PROBLEM DETAILS: In your answer, reproduce exactly the lines from the beginning of the listing below through the one containing "Women's Denim Vest", and only those lines.

DATASET RECORDS:
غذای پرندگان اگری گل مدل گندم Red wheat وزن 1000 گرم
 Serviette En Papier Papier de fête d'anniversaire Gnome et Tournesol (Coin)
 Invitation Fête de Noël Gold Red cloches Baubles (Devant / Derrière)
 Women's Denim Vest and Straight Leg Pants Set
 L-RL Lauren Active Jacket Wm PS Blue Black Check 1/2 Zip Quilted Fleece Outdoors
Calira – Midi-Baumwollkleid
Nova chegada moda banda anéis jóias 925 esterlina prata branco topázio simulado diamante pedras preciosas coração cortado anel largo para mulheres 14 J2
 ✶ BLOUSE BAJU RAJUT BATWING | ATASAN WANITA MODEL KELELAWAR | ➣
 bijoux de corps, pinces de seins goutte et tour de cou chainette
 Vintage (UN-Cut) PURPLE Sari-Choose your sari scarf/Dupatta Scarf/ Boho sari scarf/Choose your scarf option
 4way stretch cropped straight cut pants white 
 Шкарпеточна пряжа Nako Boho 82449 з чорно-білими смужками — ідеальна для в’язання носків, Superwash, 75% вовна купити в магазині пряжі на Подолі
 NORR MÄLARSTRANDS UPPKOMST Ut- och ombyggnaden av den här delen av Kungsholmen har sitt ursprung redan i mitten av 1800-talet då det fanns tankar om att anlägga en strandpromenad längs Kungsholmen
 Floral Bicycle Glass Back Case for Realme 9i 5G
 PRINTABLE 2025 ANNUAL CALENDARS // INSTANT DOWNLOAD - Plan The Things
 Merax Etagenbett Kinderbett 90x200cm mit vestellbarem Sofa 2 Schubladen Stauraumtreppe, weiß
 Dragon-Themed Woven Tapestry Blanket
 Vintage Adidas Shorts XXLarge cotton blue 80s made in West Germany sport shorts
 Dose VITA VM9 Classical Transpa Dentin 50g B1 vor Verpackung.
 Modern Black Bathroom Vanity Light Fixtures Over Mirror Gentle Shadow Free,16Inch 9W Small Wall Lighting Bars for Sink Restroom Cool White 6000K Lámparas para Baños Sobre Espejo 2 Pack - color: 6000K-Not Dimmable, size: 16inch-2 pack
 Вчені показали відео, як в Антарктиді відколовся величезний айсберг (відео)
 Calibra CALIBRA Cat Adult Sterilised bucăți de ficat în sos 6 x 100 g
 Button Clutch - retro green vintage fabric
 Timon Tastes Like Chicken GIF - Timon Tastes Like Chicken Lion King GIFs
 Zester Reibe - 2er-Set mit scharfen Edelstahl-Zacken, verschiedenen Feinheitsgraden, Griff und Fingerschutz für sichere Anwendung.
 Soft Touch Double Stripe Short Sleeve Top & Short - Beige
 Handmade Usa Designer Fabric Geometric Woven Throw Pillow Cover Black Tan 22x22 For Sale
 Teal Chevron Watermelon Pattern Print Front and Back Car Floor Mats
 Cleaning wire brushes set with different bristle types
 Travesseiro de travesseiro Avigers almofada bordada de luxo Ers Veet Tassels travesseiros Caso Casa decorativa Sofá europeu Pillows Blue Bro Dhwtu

SOLUTION TO THE PROBLEM:
غذای پرندگان اگری گل مدل گندم Red wheat وزن 1000 گرم
 Serviette En Papier Papier de fête d'anniversaire Gnome et Tournesol (Coin)
 Invitation Fête de Noël Gold Red cloches Baubles (Devant / Derrière)
 Women's Denim Vest and Straight Leg Pants Set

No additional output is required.